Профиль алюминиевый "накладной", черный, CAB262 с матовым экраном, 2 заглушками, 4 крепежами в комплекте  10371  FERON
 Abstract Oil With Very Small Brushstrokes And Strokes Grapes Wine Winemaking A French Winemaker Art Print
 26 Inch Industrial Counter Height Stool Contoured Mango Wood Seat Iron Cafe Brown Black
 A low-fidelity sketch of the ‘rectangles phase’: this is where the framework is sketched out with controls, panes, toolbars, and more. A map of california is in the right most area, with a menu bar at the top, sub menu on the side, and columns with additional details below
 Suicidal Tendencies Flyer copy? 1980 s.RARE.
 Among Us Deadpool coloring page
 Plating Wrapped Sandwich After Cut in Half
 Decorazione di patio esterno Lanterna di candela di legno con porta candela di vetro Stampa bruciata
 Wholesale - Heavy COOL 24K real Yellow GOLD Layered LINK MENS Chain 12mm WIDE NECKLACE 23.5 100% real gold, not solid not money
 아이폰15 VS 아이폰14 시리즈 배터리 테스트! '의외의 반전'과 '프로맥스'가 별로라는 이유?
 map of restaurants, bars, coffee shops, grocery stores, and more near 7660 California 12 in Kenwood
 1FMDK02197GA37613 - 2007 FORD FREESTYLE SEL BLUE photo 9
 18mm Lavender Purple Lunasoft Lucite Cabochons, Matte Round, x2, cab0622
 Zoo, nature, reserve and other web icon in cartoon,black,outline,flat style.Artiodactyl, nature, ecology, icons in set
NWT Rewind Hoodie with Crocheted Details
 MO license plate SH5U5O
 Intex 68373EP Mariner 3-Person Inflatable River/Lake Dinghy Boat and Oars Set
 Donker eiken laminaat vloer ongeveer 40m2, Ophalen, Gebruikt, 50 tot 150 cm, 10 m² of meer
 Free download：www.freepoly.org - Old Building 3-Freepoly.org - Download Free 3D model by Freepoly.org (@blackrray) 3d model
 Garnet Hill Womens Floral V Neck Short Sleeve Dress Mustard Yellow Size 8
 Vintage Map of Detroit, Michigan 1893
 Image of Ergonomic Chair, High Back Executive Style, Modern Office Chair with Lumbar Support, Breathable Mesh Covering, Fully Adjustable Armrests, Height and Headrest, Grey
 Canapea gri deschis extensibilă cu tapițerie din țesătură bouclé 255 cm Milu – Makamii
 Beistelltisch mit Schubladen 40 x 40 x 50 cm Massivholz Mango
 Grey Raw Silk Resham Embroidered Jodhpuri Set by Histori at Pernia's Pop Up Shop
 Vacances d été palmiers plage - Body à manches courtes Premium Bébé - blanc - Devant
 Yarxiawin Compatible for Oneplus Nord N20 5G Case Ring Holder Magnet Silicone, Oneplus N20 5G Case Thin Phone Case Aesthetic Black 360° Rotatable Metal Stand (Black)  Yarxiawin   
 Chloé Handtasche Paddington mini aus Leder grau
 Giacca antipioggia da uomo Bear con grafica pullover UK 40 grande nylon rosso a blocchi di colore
--*--
- TASK PROMPT
Please show each line in the records above that contains "Height".

- OUTPUT FOR THIS EXERCISE
 26 Inch Industrial Counter Height Stool Contoured Mango Wood Seat Iron Cafe Brown Black
 Image of Ergonomic Chair, High Back Executive Style, Modern Office Chair with Lumbar Support, Breathable Mesh Covering, Fully Adjustable Armrests, Height and Headrest, Grey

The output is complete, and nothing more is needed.